『深層学習』本の落ち穂拾い的なやつ - 第2章 線形代数
本: 『深層学習』, Ian Goodfellow (著), Yoshua Bengio (著), Aaron Courville (著), 岩澤 有祐 (監修), 鈴木 雅大 (監修), 中山 浩太郎 (監修), 松尾 豊 (監修), 味曽野 雅史 (翻訳), & その他
原文: "Deep Learning", Ian Goodfellow and Yoshua Bengio and Aaron Courville, An MIT Press book
この本を読んで理解しずらかった部分を掘り下げています.
ページ数を記載してあるものは、「原文」の方を指します.
$A(B+C)=AB+AC$
$(AB)C=A(BC)$
行列 $A, B, C$ の各要素をそれぞれ $a_{i,j}, b_{i,j}, c_{i, j}$ とおく.
$$
\left(A(B+C)\right)_{i,k}
$$
$$
= \sum_{j}a_{i,j}\left(b_{j,k}+c_{j,k}\right)
$$
$$
= \sum_j\left(a_{i,j}b_{j,k}\right)+\sum_{j}\left(a_{i,j}c_{j,k}\right) = \\
AB + AC
$$
$$
\left[(AB)C\right]_{i,l}
$$
$$
= \sum_{k}\left(\sum_{j}a_{i,j}b_{j,k}\right)c_{k,l}
$$
$$
= \sum_{j}a_{i,j}\left(\sum_{k}b_{j,k}c_{k,l}\right) \\
= \left[A(BC)\right]_{i,l}
$$
ここで、1行目の右辺と2行目の右辺で等号が成り立つ理由は、 $a_{i,j}$ がインデックス $k$ に束縛されていないため、$\sum_k$ の和の外に出せることと、$\sum_k$と$\sum_j$が交換可能であることによる.

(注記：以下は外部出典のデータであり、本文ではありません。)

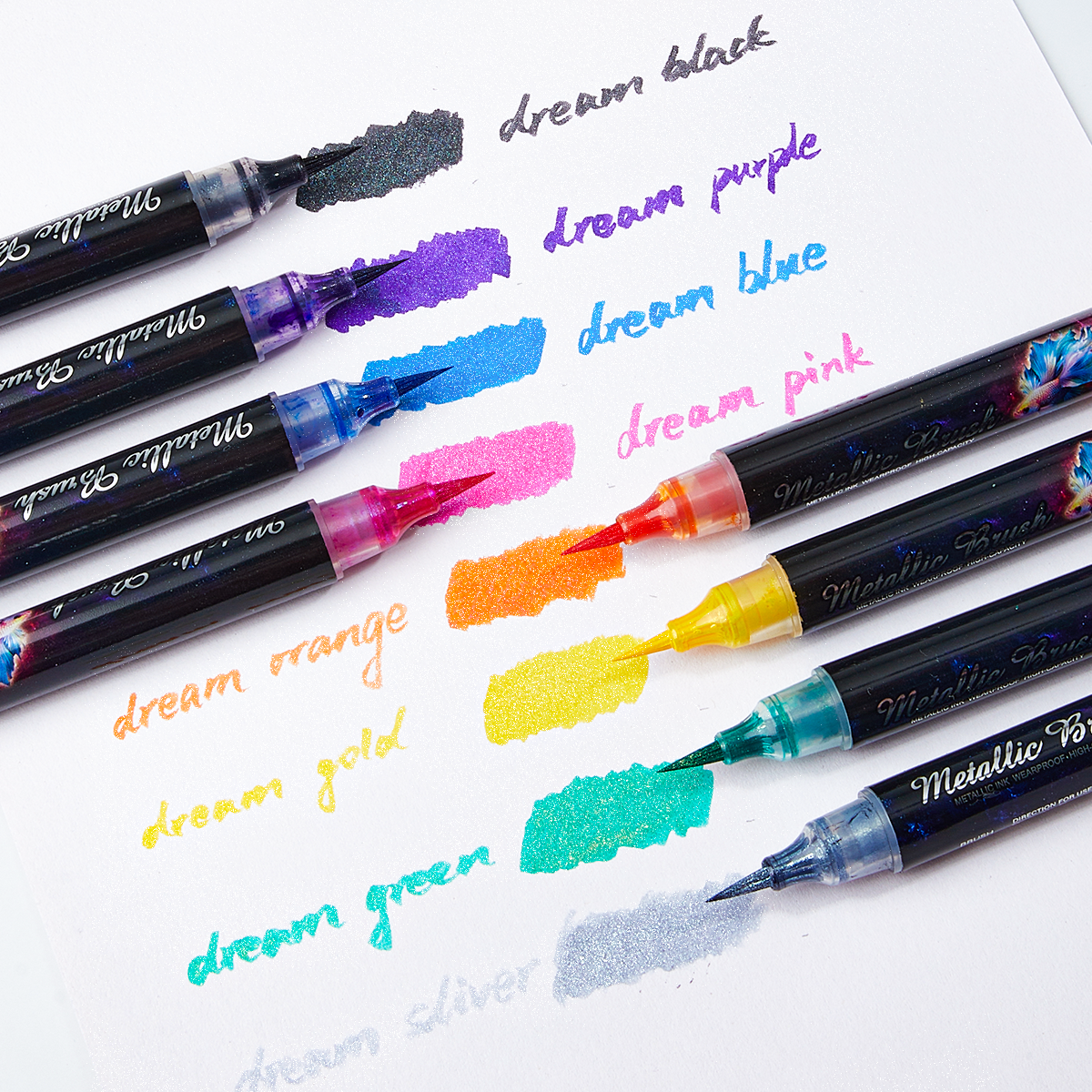 8 Stück Click Flash Markierungsstift DIY Album Stift Handjournal Grußkarte Schreiben Flash Pen geeignet für Malerei Weihnachten H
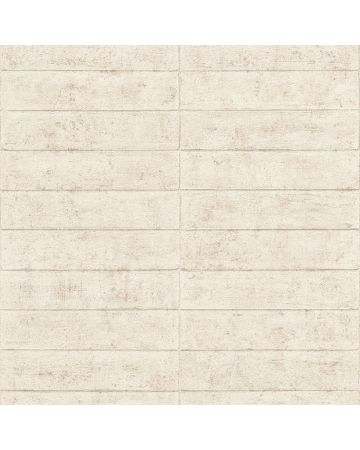 Papel pintado ladrillos crudo gris 020gLOF3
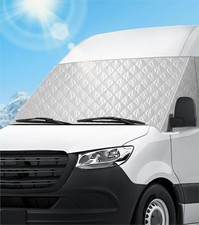 White Windshield Cover for Mercedes Sprinter Van 2007-2026, Snow Shade & UV Shie picture
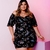 Vestido Plus Size Moda Feminina Plus Size Estampado veste do 48 ao 52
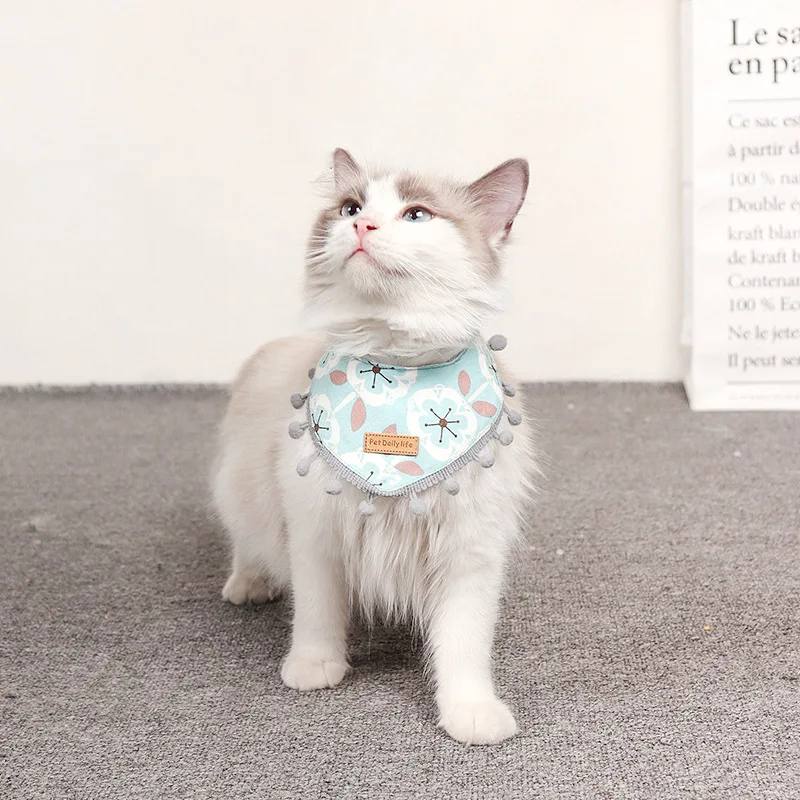 

Triangle scarf small dog collar cute cat scarf pet saliva towel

(ここまで厳密な証明はこの本の内容を理解する上では不要であると思われる.)
$\mathbf{A}\mathbf{x}=\mathbf{b}$ の解の個数について
連立方程式 2.11 の解 $\mathbf{x}$ を求める.
$\mathbf{A}\mathbf{x}=\mathbf{b} \tag{2.11}$
以降、ゴシック体にするのが面倒くさいので、通常のイタリック体でベクトルや行列を表す.
$A^{-1}$ が存在するためには、2.11式はすべての $b$ に対してちょうど1つの解をもつ必要がある (p.37)
この理由についての説明は本文中には見当たらない.
2.11式の解が2個以上存在する場合は、無限個存在する (p.37)
2.11式の異なる2つの解をそれぞれ $x, y$ とすると、
$$z=\alpha x + (1-\alpha)y \tag{2.26}$$
もまた2.11式の解になる. じっさい、
$$Az=A \left( \alpha x + (1-\alpha)y \right) = \alpha (Ax - Ay)+Ay \
= \alpha (b-b) + b = b$$
と表せる.
2.11式が $b \in \mathbb{R}^m$ のすべての範囲に対して解をもつためには、$A$の列空間が $\mathbb{R}^m$ と一致する必要がある. (p.38)
2.11 式の左辺 = $\sum_{i}x_iA_{:,i}$ が $A$ の列空間であることから自明.
もし $b$ が $A$ の列空間よりも真に小さければ、その差集合に含まれる点 $\beta = \sum_{i}x_iA_{:,i}$ に対しては2.11式は解をもたない.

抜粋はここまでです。